0 stars 0 forks source link

performance oportunity for CG with instruction reordering #12974

Open Quuxplusone opened 12 years ago

Quuxplusone commented 12 years ago
Bugzilla Link PR12869
Status NEW
Importance P enhancement
Reported by Kostya Serebryany (kcc@google.com)
Reported on 2012-05-18 09:03:43 -0700
Last modified on 2012-05-20 13:17:19 -0700
Version trunk
Hardware PC Linux
CC anton@korobeynikov.info, baldrick@free.fr, evan.cheng@apple.com, llvm-bugs@lists.llvm.org, nicholas@mxc.ca, nlewycky@google.com, resistor@mac.com
Fixed by commit(s)
Attachments
Blocks
Blocked by
See also
Here are two semantically equivalent functions.
LLVM x86 CG produces 2 instructions for function one and 4 for another.

void foo(int * restrict x, int * restrict y) {
  int tx = *x;
  int ty = *y;
  tx = tx >> 10;
  ty = ty >> 10;
  *x = tx;
  *y = ty;
}

void bar(int * restrict x, int * restrict y) {
  *x = *x >> 10;
  *y = *y >> 10;
}

; ModuleID = 'tt.c'
target datalayout = "e-p:64:64:64-i1:8:8-i8:8:8-i16:16:16-i32:32:32-i64:64:64-
f32:32:32-f64:64:64-v64:64:64-v128:128:128-a0:0:64-s0:64:64-f80:128:128-n8:16:32:64-S128"

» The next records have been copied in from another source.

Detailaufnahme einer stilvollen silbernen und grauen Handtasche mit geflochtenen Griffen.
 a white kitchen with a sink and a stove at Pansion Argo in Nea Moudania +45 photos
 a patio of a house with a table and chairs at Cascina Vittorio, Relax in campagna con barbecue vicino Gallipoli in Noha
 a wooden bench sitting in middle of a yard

define void @foo(i32* nocapture noalias  %A1, i32* nocapture noalias %A2)
nounwind uwtable {
entry:
  %L1 = load i32* %A1, align 4
  %L2 = load i32* %A2, align 4
  %S1  = ashr i32 %L1, 10
  %S2  = ashr i32 %L2, 10
  store i32 %S1, i32* %A1, align 4
  store i32 %S2, i32* %A2, align 4
  ret void
}

define void @bar(i32* nocapture noalias  %A1, i32* nocapture noalias %A2)
nounwind uwtable {
entry:
  %L1 = load i32* %A1, align 4
  %S1  = ashr i32 %L1, 10
  store i32 %S1, i32* %A1, align 4
  %L2 = load i32* %A2, align 4
  %S2  = ashr i32 %L2, 10
  store i32 %S2, i32* %A2, align 4
  ret void
}

First:
        sarl    $10, (%rdi)
        sarl    $10, (%rsi)
Second:
        movl    (%rsi), %eax
        sarl    $10, (%rdi)
        sarl    $10, %eax
        movl    %eax, (%rsi)
Quuxplusone commented 12 years ago

Kostya, what if you provide -combiner-aa argument to llc ?

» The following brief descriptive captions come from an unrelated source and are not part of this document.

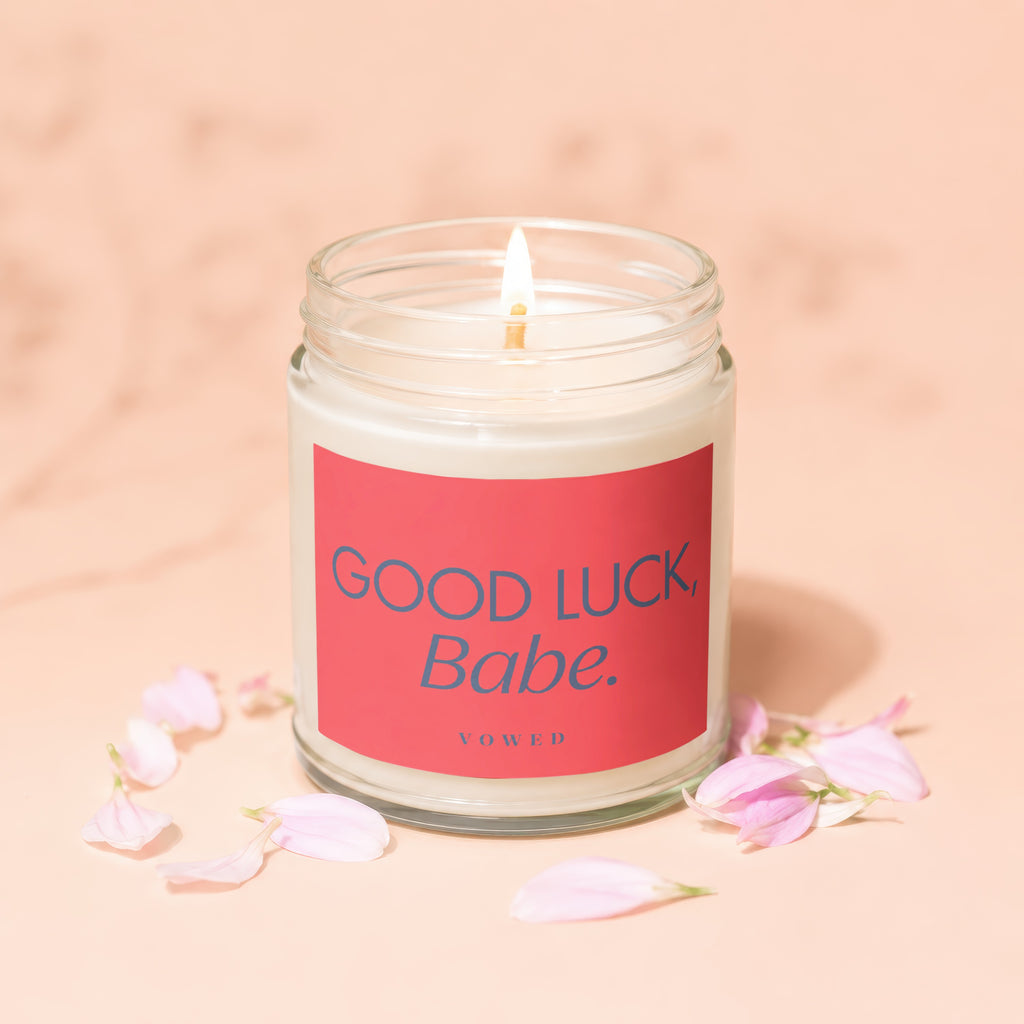 Jar candle with "Good Luck, Babe." text on a pink label, surrounded by petals.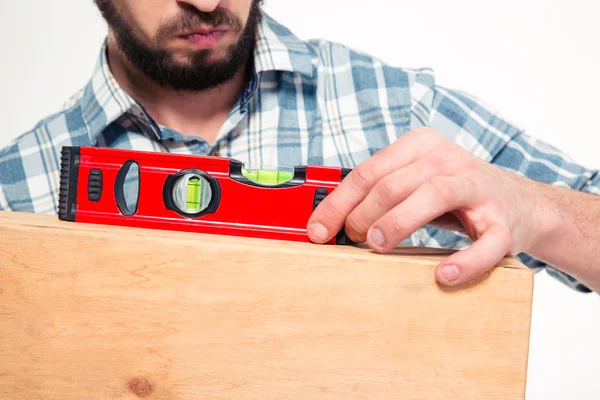 Close up of concenrated bearded young man using spirit level — Stock Photo, Image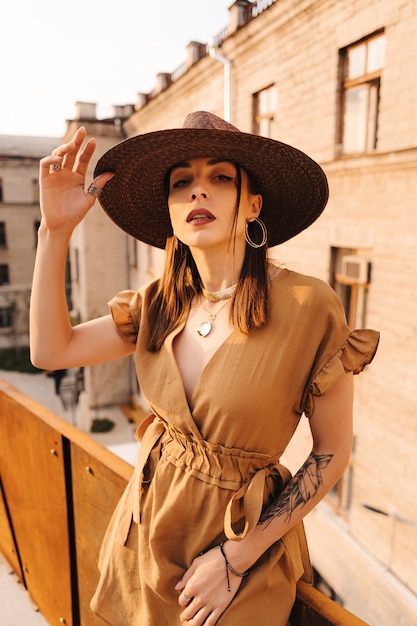 Moda joven mujer vestida con un vestido de verano con un sombrero ancho de mimbre camina y posa en la ciudad vieja.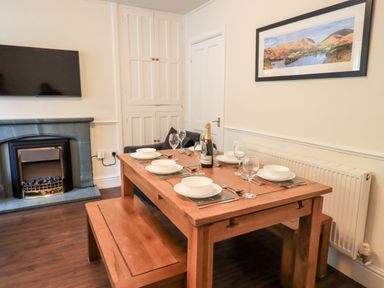 A dining area with a wooden table set with plates glasses and a bottle a bench a fireplace and a mounted television at 6 Calgarth View in Windermere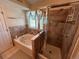 This bathroom features a combination tub and shower with tile surround and a window with views at 9535 W 104Th Ct, Broomfield, CO 80021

Quuxplusone commented 12 years ago
(In reply to comment #1)
> Kostya, what if you provide -combiner-aa argument to llc ?
Actually, the code for "foo" is longer and for "bar" - shorter. "llc -combiner-
alias-analysis -combiner-global-alias-analysis" makes the output identical.
Quuxplusone commented 12 years ago

Sorting blocks into loads+ops+stores is one of my old todo-list wishlist items. It makes a lot of things easier to analyze, and lets backends do trivial load-fusion and store-fusion. We should do this as an IR pass, and it should turn @bar into @foo.

Quuxplusone commented 12 years ago
>> Actually, the code for "foo" is longer and for "bar" - shorter.
Sure. Meant to say "for one function", not "for function one".

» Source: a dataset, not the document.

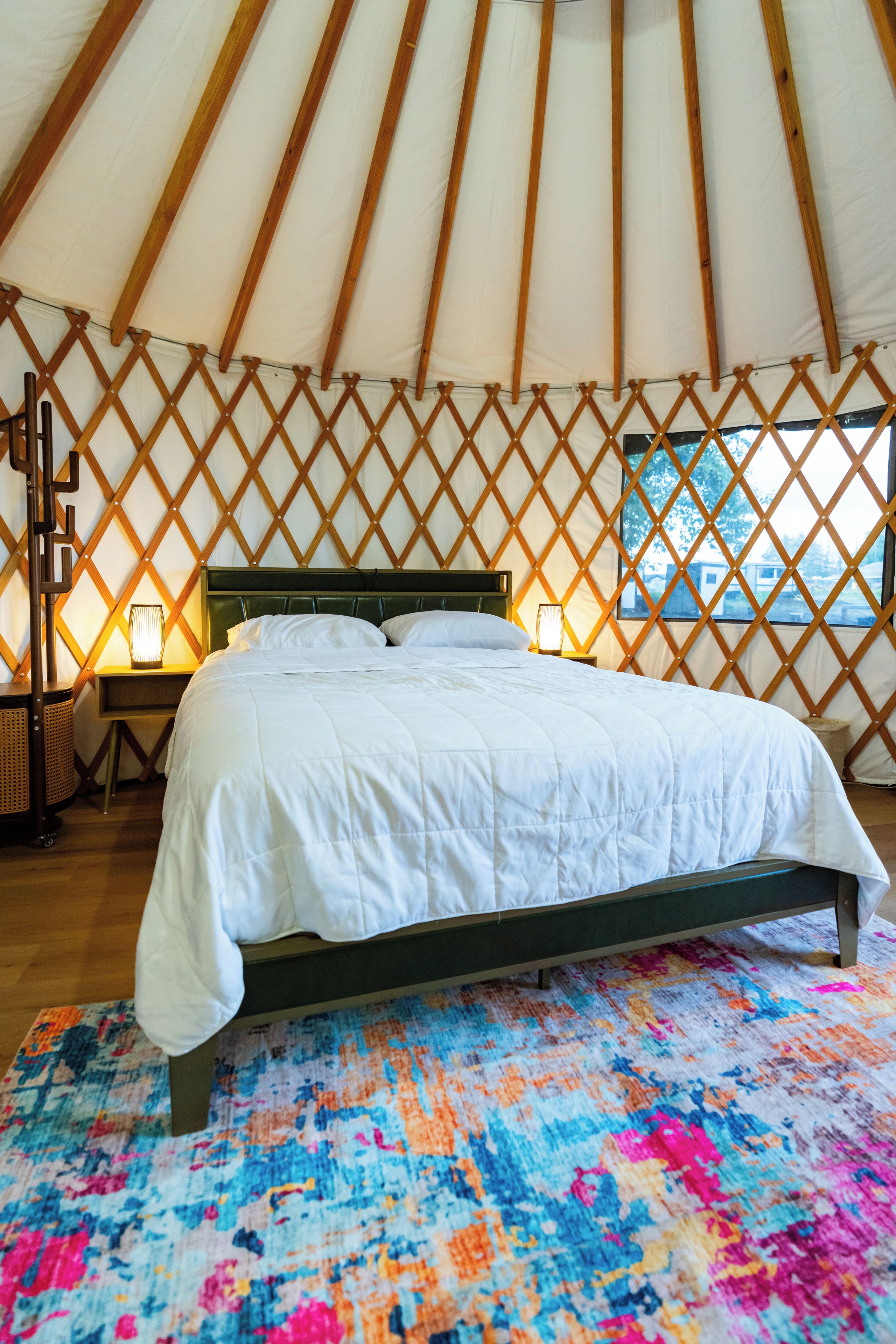 Een bed in een tent met een kleurrijk vloerkleed, houten latenwanden en een nachtkastje met een lamp.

>> "llc -combiner-alias-analysis -combiner-global-alias-analysis" makes the
output identical.

Coolness! Any plans to enable this by default?
OTOH Nick's suggestion to implement this on IR level makes sense too.
Quuxplusone commented 12 years ago
(In reply to comment #4)
> Coolness! Any plans to enable this by default?
> OTOH Nick's suggestion to implement this on IR level makes sense too.
Well... it's "experimental" for something like 2 or 3 years already... Maybe
Evan or Owen will comment why it's not turned on yet...
Quuxplusone commented 12 years ago

It's poorly tested, expensive, and showed little benefit on most test suites when we tried it. Beyond that, it's rapidly being superseded by Andy's new scheduler work.

Quuxplusone commented 12 years ago
(In reply to comment #6)
> It's poorly tested, expensive, and showed little benefit on most test suites
> when we tried it.  Beyond that, it's rapidly being superseded by Andy's new
> scheduler work.
Well, I know at least 2 cases when it provided much better results:

1. EEMBC on ARM
2. It's impossible to match mem-mem instructions w/o them. Right now the only
target in the tree which has mem-mem instructions is msp430 :)
Quuxplusone commented 12 years ago
(In reply to comment #6)
> Beyond that, it's rapidly being superseded by Andy's new scheduler work.
How the scheduler will help to fold memory operands, btw?